Cineuropa: Mamífera tocca temi molto personali e complessi di maternità e identità: cosa l'ha spinta a esplorare questi aspetti nel film?
Liliana Torres: Mamífera è nato da una motivazione personale che è diventata sociale man mano che crescevo. Ho sempre saputo di non voler essere madre e questo desiderio, mantenuto negli anni, è stato messo in discussione e visto con un certo sospetto. La mancanza di riferimenti positivi o normalizzati di donne che non volevano essere madri nella letteratura, ma soprattutto nel cinema, ha contribuito a questa stigmatizzazione, ancor più quando si è osato usare le non madri in cliché e stereotipi come “la donna acida che odia i bambini, la dirigente ambiziosa e mascolinizzata”, ecc. Il senso di colpa personale derivante da domande come “ho un problema?”, “qualche trauma?”, “sono innaturale?” si è trasformato nella necessità di trovare spiegazioni sociologiche a questa stigmatizzazione.

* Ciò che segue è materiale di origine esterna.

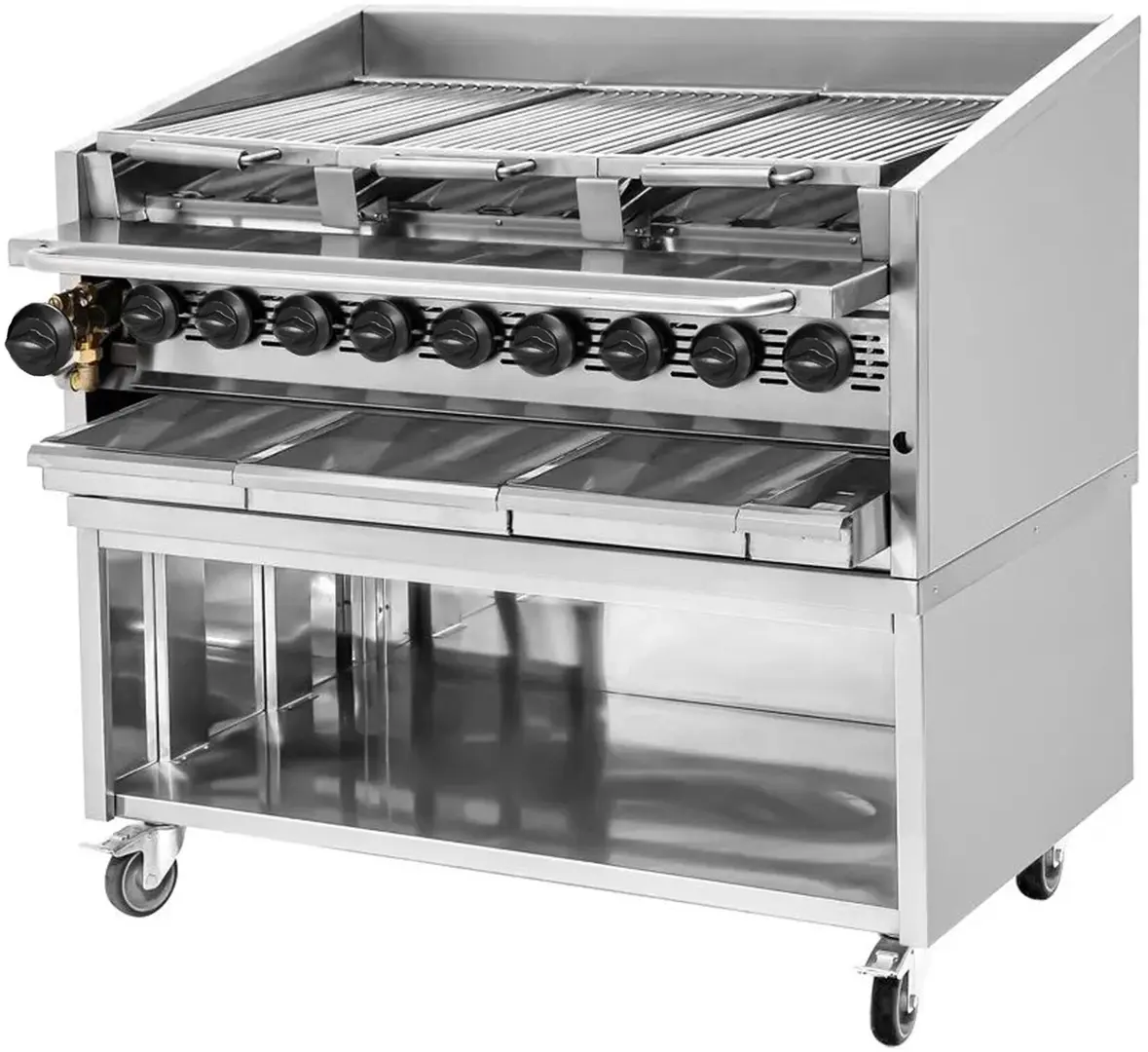 Лавовый гриль газовый GGM Gastro HSOE2 (Inox)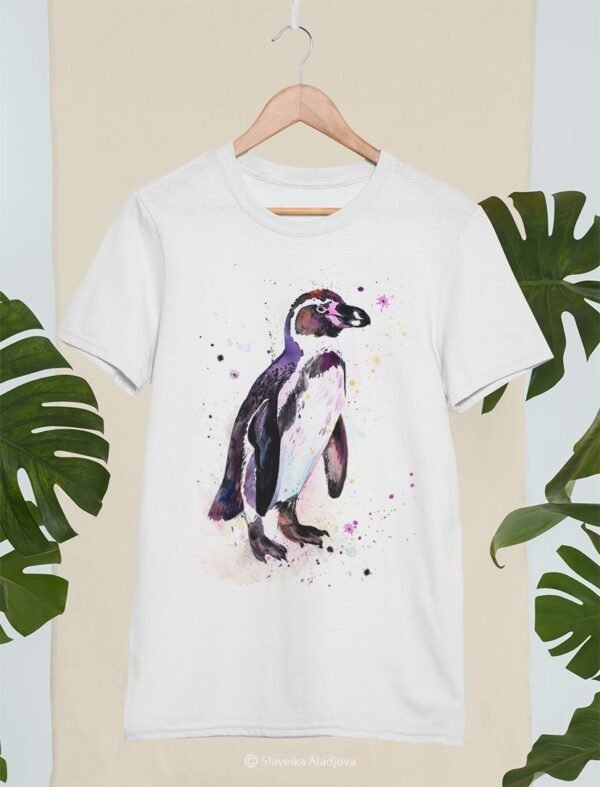Humboldt penguin art T-shirt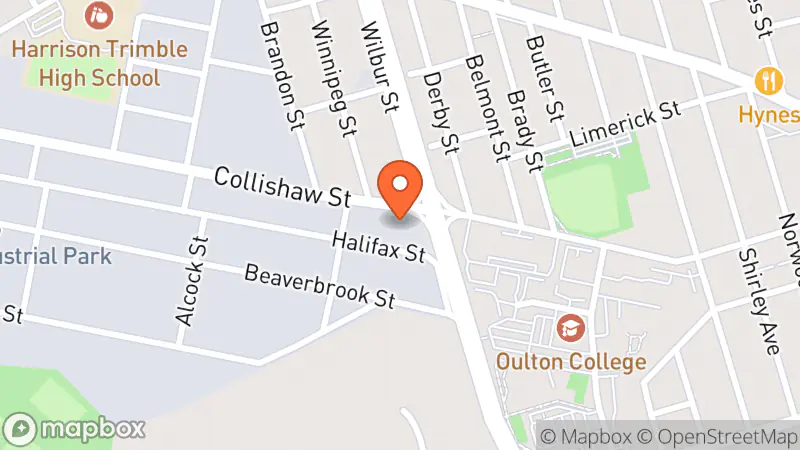 Map showing location of Boutique Hospice Shoppe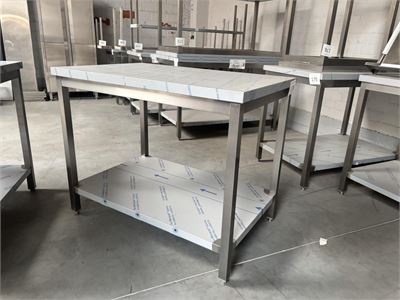 Rvs Werktafel – kavel bij Hammertime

È da questa ricerca e dall'esperienza personale che è nato Mamífera.
Il suo film ha partecipato a diversi festival internazionali come SXSW e San Sebastian, ed è ora in viaggio per altri come San Paolo e Varsavia. Qual è stata la risposta del pubblico e cosa si aspetta da coloro che devono ancora vederlo, in particolare dagli iberoamericani? Pensa che il contesto culturale influenzi l'interpretazione del film?
La risposta è stata per lo più positiva. Alle proiezioni abbiamo trovato un pubblico entusiasta alla fine del film. Sui social media abbiamo avuto una risposta molto positiva da molte delle persone che hanno visto il film sulle piattaforme da agosto. E poi il tema genera un dibattito che ci piace molto.
Il contesto culturale influenza il film, naturalmente; ma la disquisizione in cui quasi tutte le donne si trovano a un certo punto della loro vita sulla decisione di essere o meno madri è trasversale. Siamo stati di recente all'International Images in Zimbabwe e lì l'accoglienza del film è stata altrettanto intensa e le domande del Q&A erano molto simili a quelle che abbiamo sentito altrove. Credo che il tema che cambia di più a seconda del contesto culturale sia l'aborto, un'opzione così politicizzata e usata come un'arma, che appare contaminata da molti strati culturali. Mi piacerebbe che il pubblico iberoamericano si godesse il film, Mamífera è un film luminoso e triste, è un viaggio e mi piacerebbe che il pubblico viaggiasse con esso, e se se ne andrà pensando che la decisione di non essere madre può essere altrettanto “naturale” o “normale” di quella di esserlo, allora sarà un successo.
Mamífera utilizza una narrazione introspettiva e un approccio quasi documentaristico. Quali sfide ha incontrato nel lavorare con questa estetica e come ha influenzato il suo processo creativo e il rapporto con gli attori e il team di produzione?
Volevo che Mamífera riflettesse una realtà, un contesto socio-culturale presente nelle nostre vite e per questo occorreva scegliere le case e i quartieri giusti per ogni personaggio, ecc. Costruire il film a partire dalla realtà e adattarsi ad essa. Ad esempio, Lola e Bruno vivono in un quartiere popolare tradizionale dove c’erano pochissime strutture per le riprese, ma era necessario per il film. Lo stesso è accaduto con l'appartamento dei protagonisti: volevo che fosse un piccolo appartamento a Montbau [un quartiere di Barcellona]. Questo ha significato ridurre la troupe perché non potevamo starci tutti, e spiegare alla squadra come ci saremmo organizzati lì dentro, dove ci sarebbero stati anche dei bambini e un cane cieco…
Per quanto riguarda il metodo di lavoro, abbiamo sempre girato lo stretto necessario, o anche meno. Ci ha aiutato molto il fatto di aver fatto delle prove con gli attori in anticipo. Il nostro modo di pensare al film è sempre stato naturale e moderato, per questo abbiamo scelto una pianificazione che ci avvicinasse al realismo con calma, senza acrobazie.